Klar, ich höre bereits die Stimmen, mein Beitrag sei technikfeindlich oder würde den Fortschritt ablehnen. Aber die Welt ist nicht nur Schwarz oder Weiß. Gerade wer auf Technologien setzt, sollte offen im Denken sein. Alles weitreichend Neue braucht eine begleitende Diskussion. Über Vor- und Nachteile, Auswirkungen auf den Einzelnen und die Gesellschaft, Chancen und Risiken. In den Sozialen Medien werden von „Menschen Ü 40“ Bilder gepostet, auf denen sinngemäß steht: Wir haben früher im Matsch gespielt und waren auch glücklich. Stimmt, aber die Zeit bleibt nicht stehen. Da diskutiert der Psychologe Manfred Spitzer auf der einen Seite, und da ereifern sich die Experten vom Chaos Computer Club auf der anderen Seite. Beide haben aus ihrer Sicht recht: Der eine warnt vor zu frühem und zu exzessivem Umgang mit Computern, die anderen beschreien, dass Kinder in ihrer Entwicklung abgehängt werden, wenn Deutschland zuhause und in Schulen nicht aufrüstet. Was denn nun?

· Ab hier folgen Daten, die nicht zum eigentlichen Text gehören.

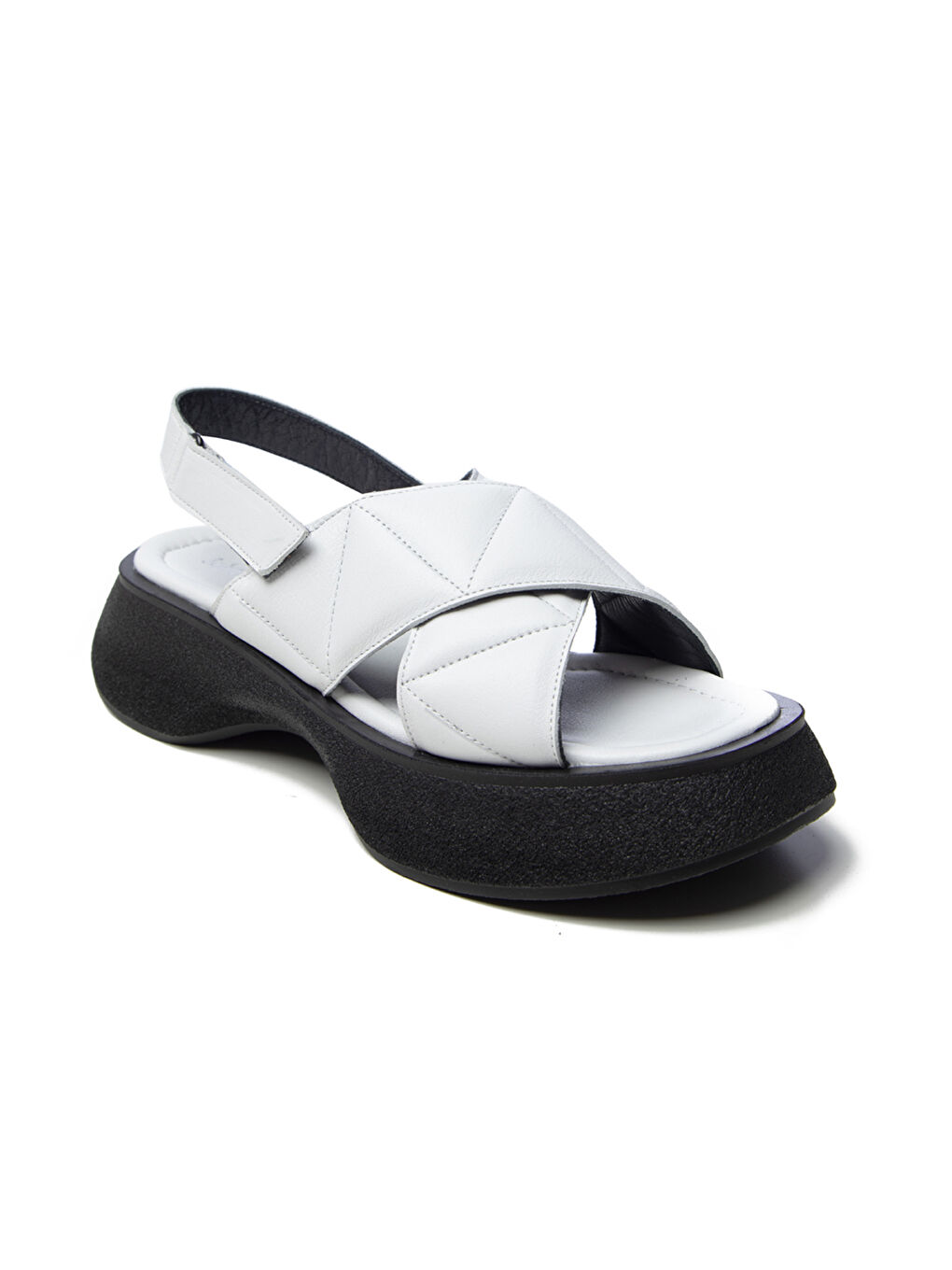 Kadın Sandalet GTN-23555 Beyaz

Die Generation Computer hängt uns digitale Steinzeitmenschen locker ab. Der jüngste Bewerber für einen Job bei unseren Neuen Medien war gerade mal 13 Jahre alt! Ein Crack, der für seine Leidenschaft lebt. Kein verfrühter Nerd, aber wohl ein ambitionierter Mark Zuckerberg von morgen. Wo also die Grenzen ziehen? Ich erinnere mich an ein Erlebnis vor ein paar Jahren. Da wurde eine Mutter von Lehrern informiert, dass ihr achtjähriger Sohn körperlich entwicklungsverzögert sei. Er müsse mehr Sport treiben, um seine Feinmotorik, seinen Gleichgewichtssinn und seine Fitness zu fördern. Der Kommentar der Erziehungsberechtigten: Warum? Er würde sowieso Computerspezialist. Da brauche er keine körperliche Schulung. Die Lebensplanung für den Grundschüler.
Bleibt mein Tipp, mal wieder „Ich sehe was, was du nicht siehst“ in der realen Welt zu spielen. Der Kopf als Spielort für unendliche Fantasien. Aufbauend auf Wissen, Empathie und der Wahrnehmung für unsere Umwelt. Gehen Sie los. Fahren Sie los. Zeigen Sie Kindern und Jugendlichen, wie die Welt um uns herum aussieht und was wir alles in ihr sehen und aus ihr lernen können. Übrigens: völlig unabhängig vom Alter!